## Assignment
Below are records with pictures. Reproduce exactly the lines from the line with "peeling and chopping" to the line with "Beyaz arka planda", inclusive, and leave each picture out.
== Given entries
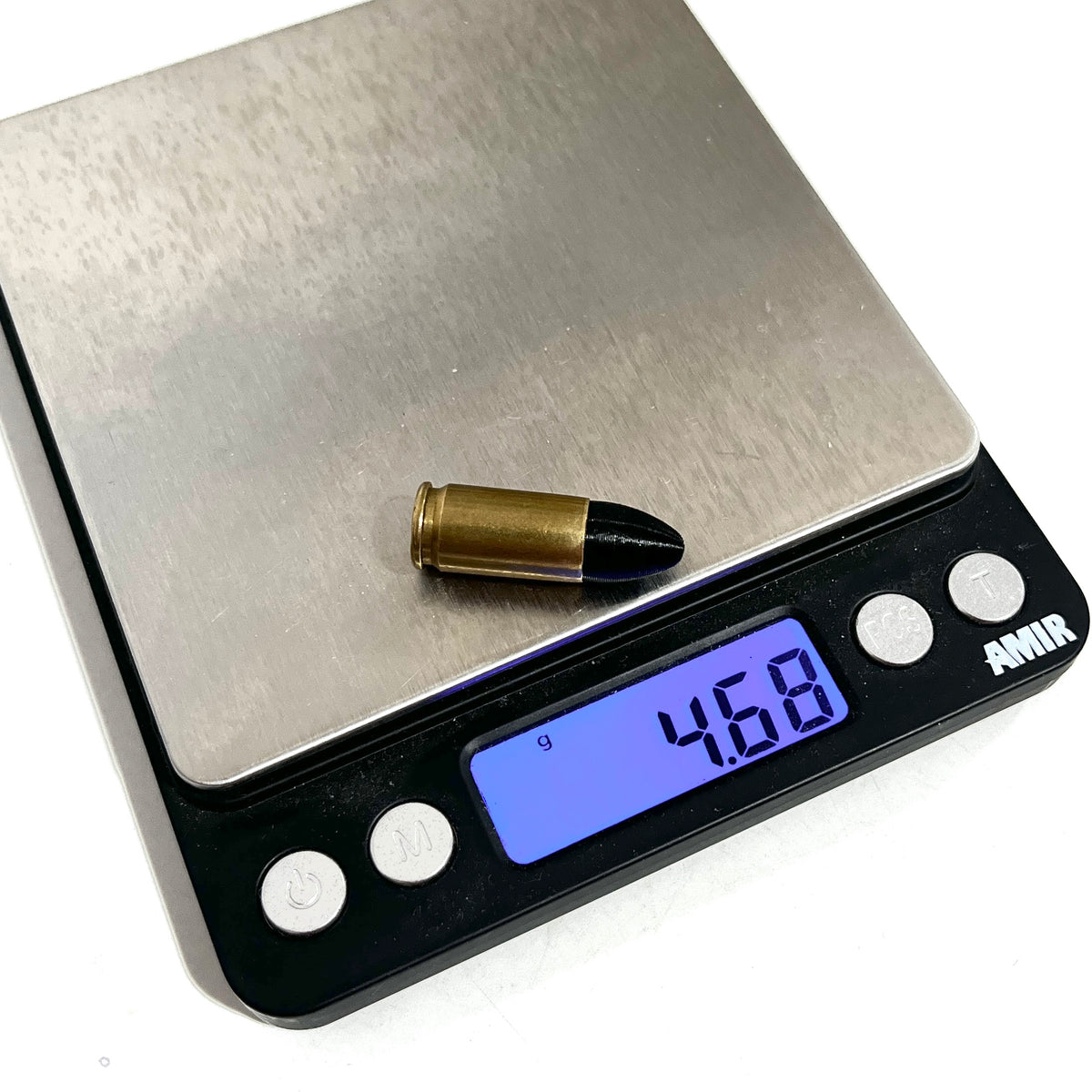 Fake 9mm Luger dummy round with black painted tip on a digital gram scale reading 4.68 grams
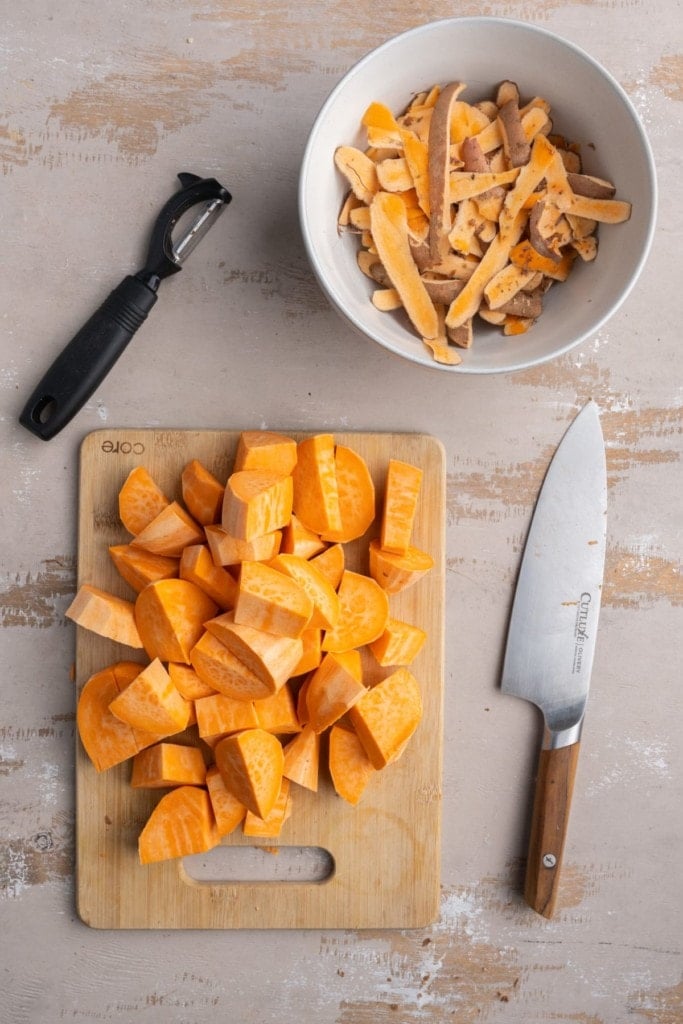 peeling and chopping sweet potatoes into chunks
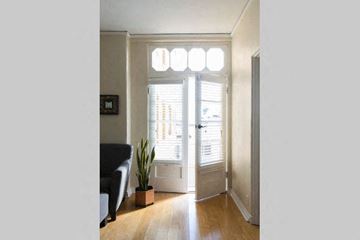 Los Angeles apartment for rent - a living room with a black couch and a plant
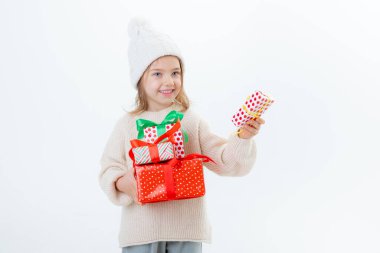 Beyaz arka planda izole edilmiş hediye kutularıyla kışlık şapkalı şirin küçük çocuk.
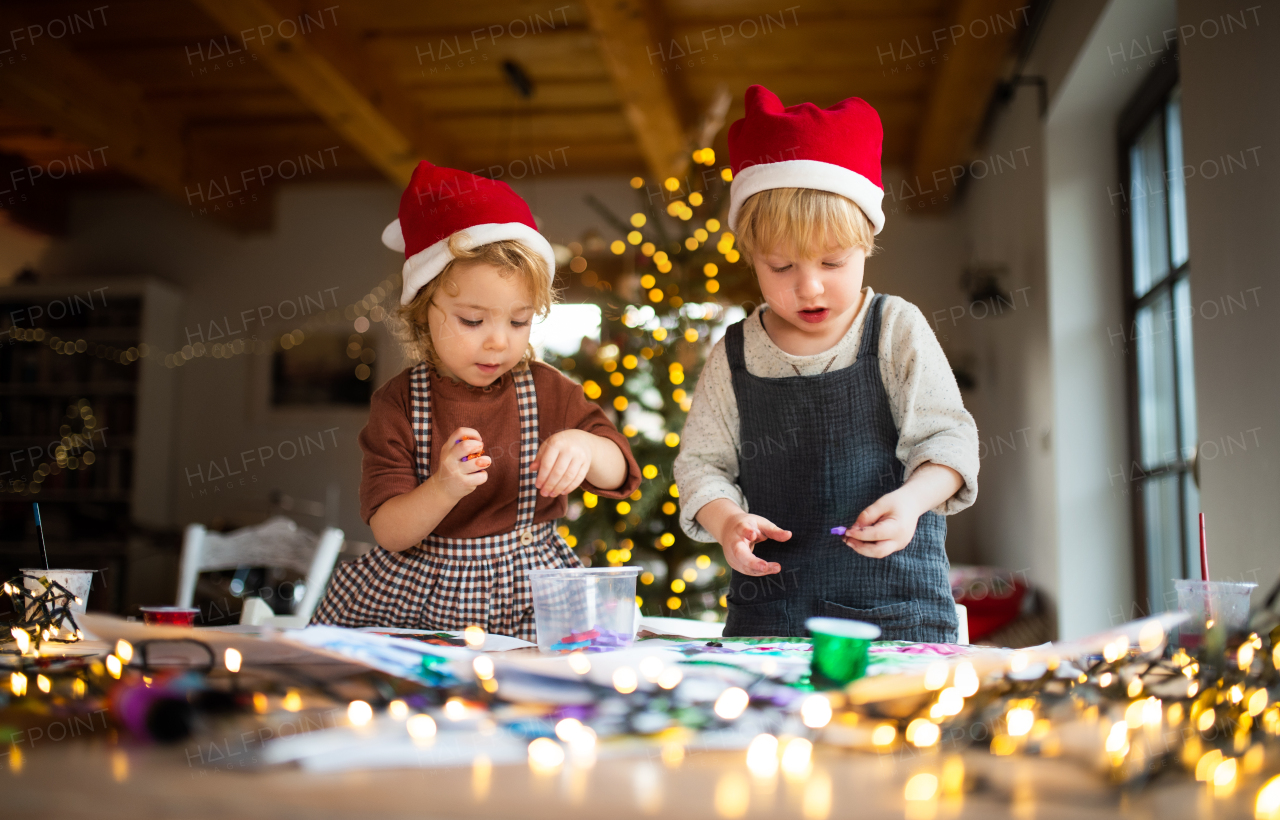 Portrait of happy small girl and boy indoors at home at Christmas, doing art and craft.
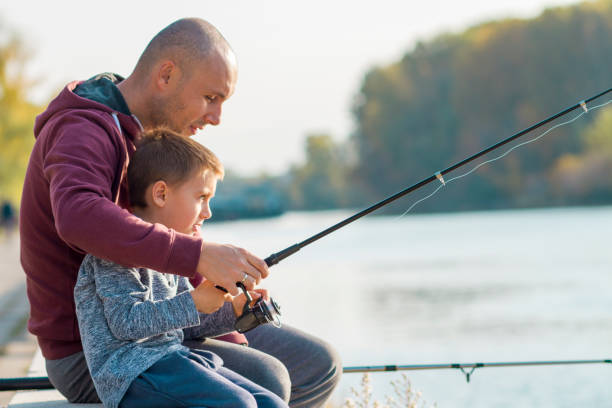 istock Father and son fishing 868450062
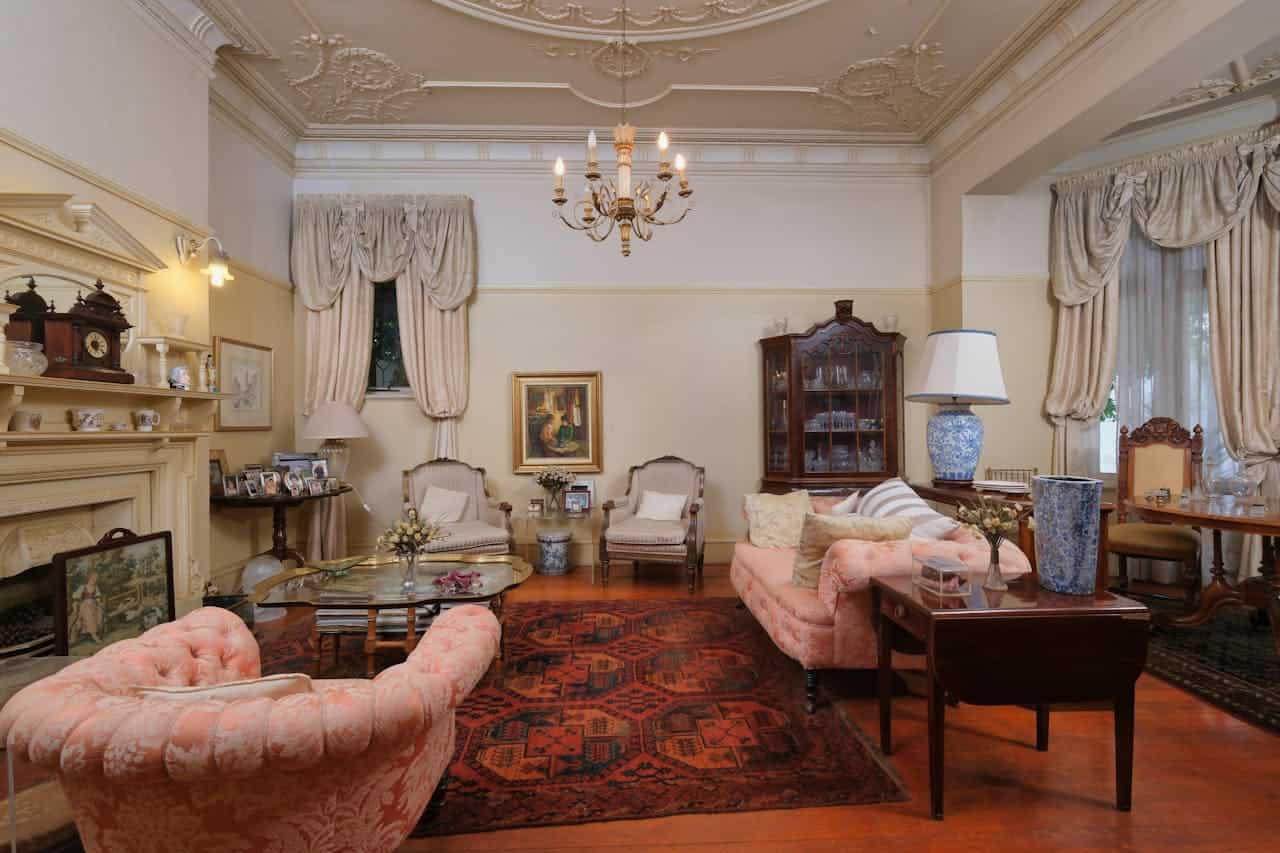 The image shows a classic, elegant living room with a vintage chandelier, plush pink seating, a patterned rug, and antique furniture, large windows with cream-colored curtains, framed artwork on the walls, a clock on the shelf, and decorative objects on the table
====
## Response box
 peeling and chopping sweet potatoes into chunks
 Los Angeles apartment for rent - a living room with a black couch and a plant
 Beyaz arka planda izole edilmiş hediye kutularıyla kışlık şapkalı şirin küçük çocuk.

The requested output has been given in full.